# Work instructions:
Copy out the lines beginning at the one with "Remarkable Spanish luxury" and ending at the last line of the data, both included; pictures stay out.

# Entries provided:

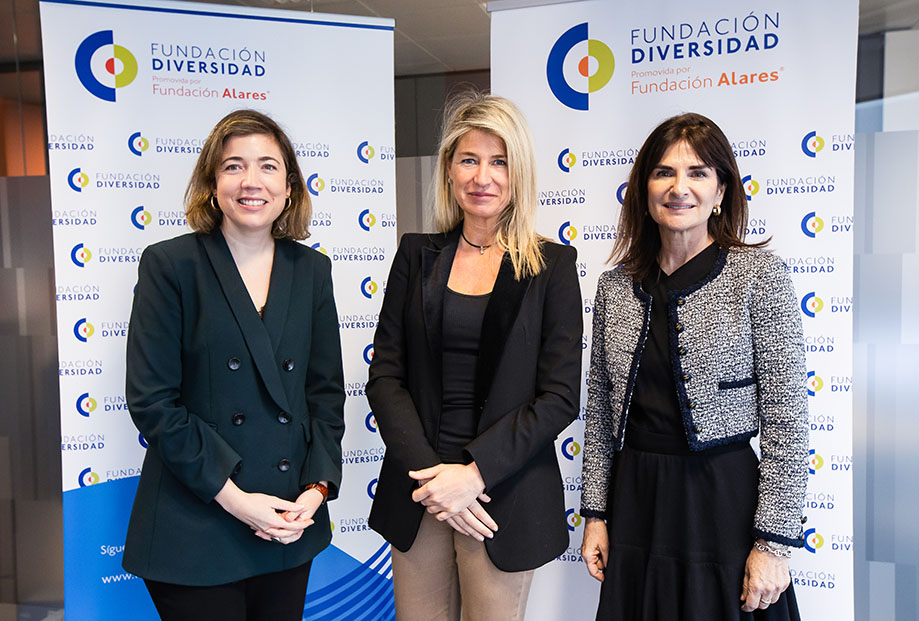 De izquierda a derecha: Sonia Rio, directora de Fundación Diversidad; Anna Quirós, directora de Cultura y Desarrollo directivo de CaixaBank, y María Eugenia Girón Dávila, presidenta de Fundación Diversidad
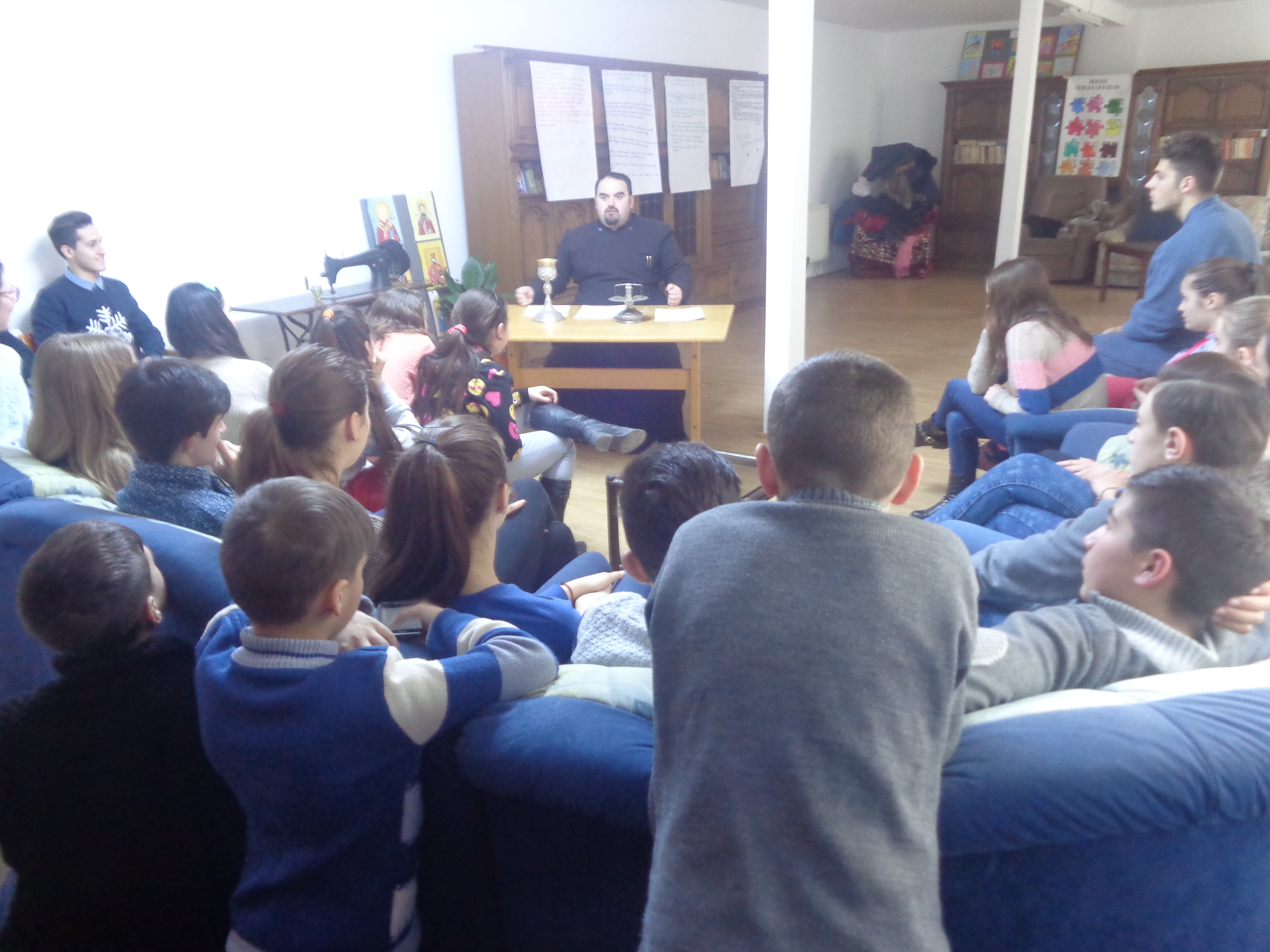 100 de tineri din zona Târgu Frumos participă la proiectul „Sfânta Liturghie - bucuria care nu trece niciodată“ 100 de tineri din zona Târgu Frumos participă la proiectul „Sfânta Liturghie - bucuria care nu trece niciodată“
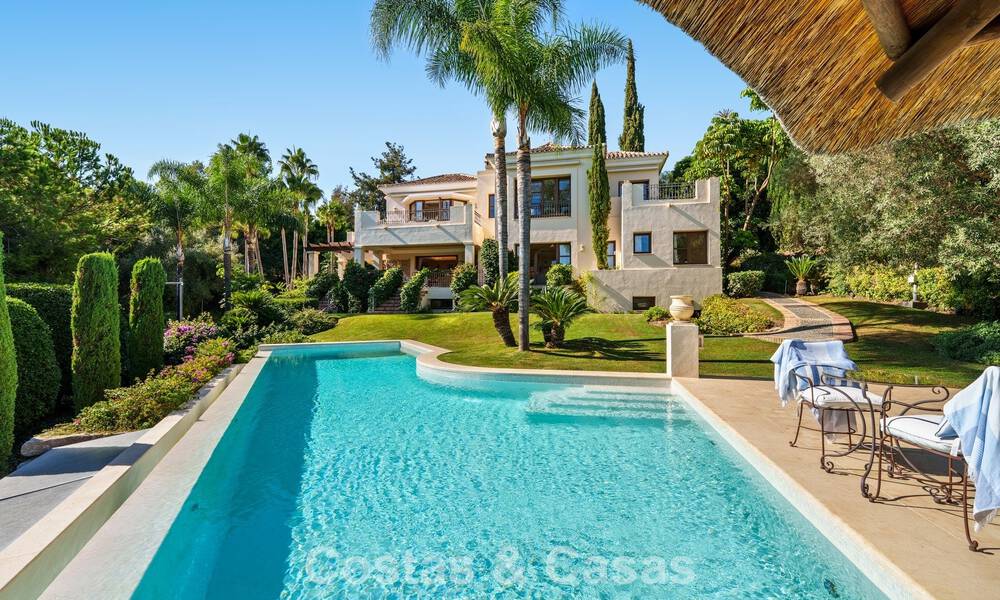 Remarkable Spanish luxury villa with sea view for sale in a green oasis on Marbella’s Golden Mile 798208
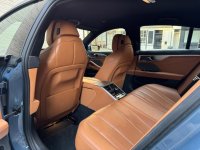 BMW 8 SERIES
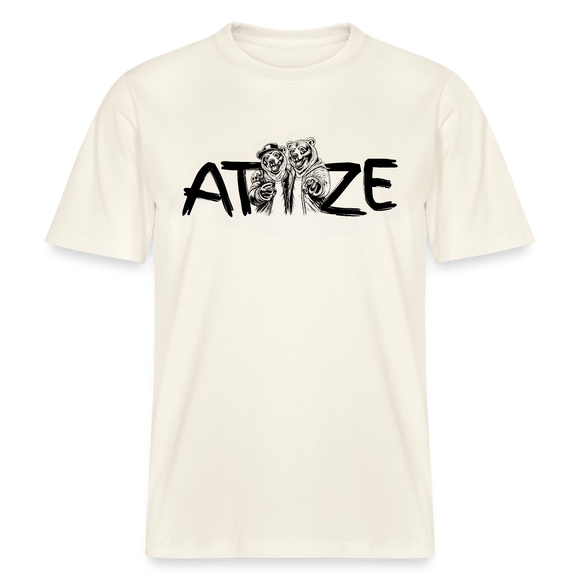naturweisses, locker geschnittenes Unisex T-Shirt mit großem schwarzen Schriftzug „ATZE“, bei dem zwischen dem Buchstaben T und Z eine Illustration von zwei cartoonartigen Bären im Hoodie und Cap sitzt; die Bären stehen eng beieinander, legen den Arm umeinander und zeigen kumpelhaft nach vorn, darunter der Text „Berliner Schnauze – FINDICKJUT“, Symbol für Freundschaft, Besties und Brüder im Berliner Style.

# Answer for the task:
 Remarkable Spanish luxury villa with sea view for sale in a green oasis on Marbella’s Golden Mile 798208
 BMW 8 SERIES
naturweisses, locker geschnittenes Unisex T-Shirt mit großem schwarzen Schriftzug „ATZE“, bei dem zwischen dem Buchstaben T und Z eine Illustration von zwei cartoonartigen Bären im Hoodie und Cap sitzt; die Bären stehen eng beieinander, legen den Arm umeinander und zeigen kumpelhaft nach vorn, darunter der Text „Berliner Schnauze – FINDICKJUT“, Symbol für Freundschaft, Besties und Brüder im Berliner Style.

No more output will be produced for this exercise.